Die vielen Missstände, die wir in der Kirche, in der Gesellschaft, im Staat oder sonstwo wahrnehmen und nur zu gerne kritisieren, dürfen uns nicht darüber hinwegtäuschen, dass es gewiss auch in unserem eigenen Leben gilt, eine Tempelreinigung zu betreiben.
Dominus flevit. Der Herr weinte und er weint über seine Kirche - gerade weil es in ihr den Sünder gibt. Und einer davon, das darf ich nie vergessen, bin ich selbst!
Die Mahnung des hl. Paulus aus der Epistel ist auch an mich persönlich gerichtet:
Bin ich nicht selbst manchmal lüstern nach dem Bösen?
Werde ich nicht selbst manchmal zum Götzendiener, wenn ich etwas anderes als Gott an die erste Stelle setze?
Bin ich nicht selbst manchmal sehr schnell im Murren, wenn mir etwas nicht passt?
Mache ich mir manchmal nicht selbst vor, dass ich feststehe im Glauben, obwohl ich doch dem Fall so nahe bin?

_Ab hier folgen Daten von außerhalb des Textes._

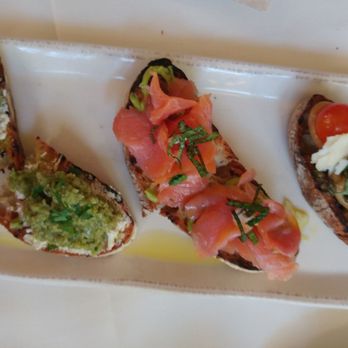 Carmine's - Bruschetta trio - Italian Near Me - Bellevue, Washington Carmine's - Bruschetta trio - Italian Near Me - Bellevue, Washington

Dominus flevit. - Der Herr weinte.
Ja, Herr, du hast Grund genug zu weinen, wenn du mich betrachtest.
Doch dein Weinen ist auch mein Trost: Ich bin dir nicht egal. Es geht dir zu Herzen, dass ich in die Irre gehe.
Und die Worte deines Apostels gelten auch mir: Du bist der getreue Gott, der nicht zulässt, dass ich über meine Kräfte versucht werde und der mir in der Versuchung auch einen guten Ausweg gibt, sodass ich bestehen kann.
Herr, du weinst.
Du weinst über Jerusalem, du weinst über deine Kirche, du weinst über mich armen Sünder!
Gib, dass mir deine Tränen so zu Herzen gehen, wie meine Sünde dir zu Herzen geht.
Gib, dass deine Tränen mich bewegen, selbst über meine Sünden zu weinen.
Gib, dass deine Tränen dazu führen, dass ich mich bessere.
Gib, dass deine Tränen eine neue Umkehr und Hinkehr zu dir in deinem ganzen heiligen Volk und auf der ganzen Welt bewirken.
Gib, dass deine Tränen nicht umsonst fließen, sondern tränke mit ihnen den Acker deiner Kirche, dass das Heilige in ihr immer mehr wachse. Und - um die Worte eines Gebetes aus China zu gebrauchen - fange bei mir damit an.